Do all great writers follow a formula? Is
there more than one formula? Two great questions. Let’s take the second
first. There is likely an overarching psychological structure that influences
how we receive narrative: sometimes that structure takes Five Acts
(Shakespeare), sometimes it is three movements (Freytag), and American writing
circles have now boiled this down to a formula, where you know, the inciting
incident has to happen 5% of the way through the work, the point of no return
has to be reached at the quarter-pole, etc. To answer the question of whether
all great writers follow a formula, I am of course consigned to what I have
read (or viewed in terms of a film or play), but the answer seems pretty
clearly to be: No. Some do, and some don’t. And greatness can’t be achieved
both ways, and empty or regurgitated material can happen both ways as well.
4.
Doesn't great writing come naturally,
from the heart and from experiences and from the depths of one's imagination? It
does...but here I wonder if you’re contrasting the imagination to concentration
on structural methods. We have a saying around the office, “Intelligent
planning is not the enemy of creative genius.” (We don’t actually say that, but
it is on the wall.) Writers need to use both sides of their brains.
5.
Did you use a formula to write your book?

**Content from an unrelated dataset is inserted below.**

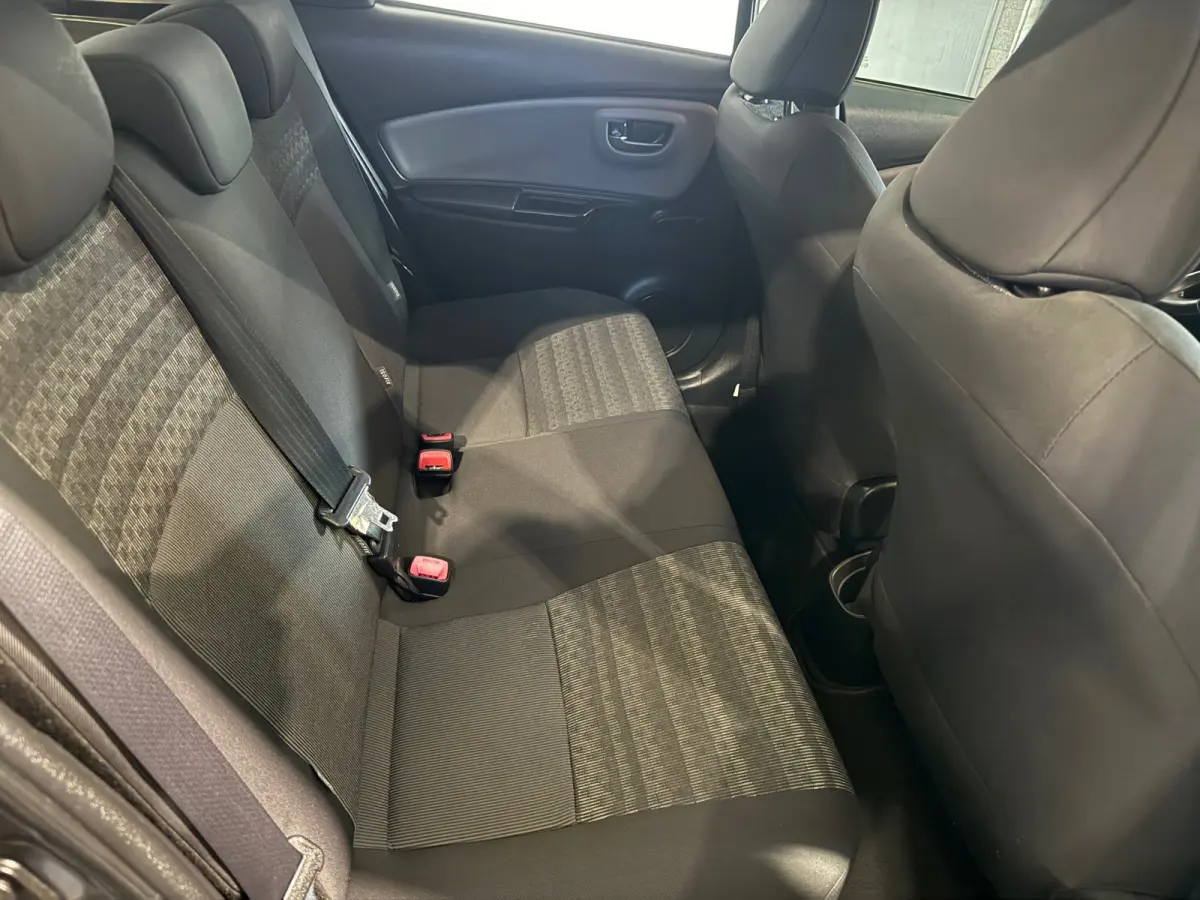 1.3 VVT-i Trend Navi Airco Cruise Camera Nieuwe Apk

Heck, no! But I did use three tools which I talk about in Book
Architecture, the target, the grid, and the arc. These tools apply to
non-fiction as well as fiction, and not only “novelistic” fiction such as
creative non-fiction or memoir, but prescriptive non-fiction as well.
6.
Will we soon see robot-authored books
that are created based on a formula? That’s funny. To some degree we see
that now, at least writers being robotic, and filling in boxes – oh, you know
here we need to have the midpoint where my hero takes control of his/her
destiny... I think you can tell the books that have written strictly to
convention in the hope of riding the coattails of some famous works to getting
published well – and don’t forget that movie deal! Because most of those folks
use a formula like it’s nobody’s business.
8.
Where do you see book publishing is
heading? Well, my first book was traditionally published (one of the Big
Five, then the Big Six). My second book has been independently published – so
that might give you a sense of my bias here. I wanted to write exactly what
people were asking for, to have Molly’s marvelous graphs and diagrams in full
color, and to get my book to market on a much shorter time span. That said, I’m
so glad I have the first experience of watching a book come to life and all of
the talented people I got to meet at Penguin. Everybody’s got to find their own
road. I guess I’m just saying that book publishing is heading towards a hybrid
future of traditional and independent publishing – I can’t see what the end of
that road looks like even if I squint.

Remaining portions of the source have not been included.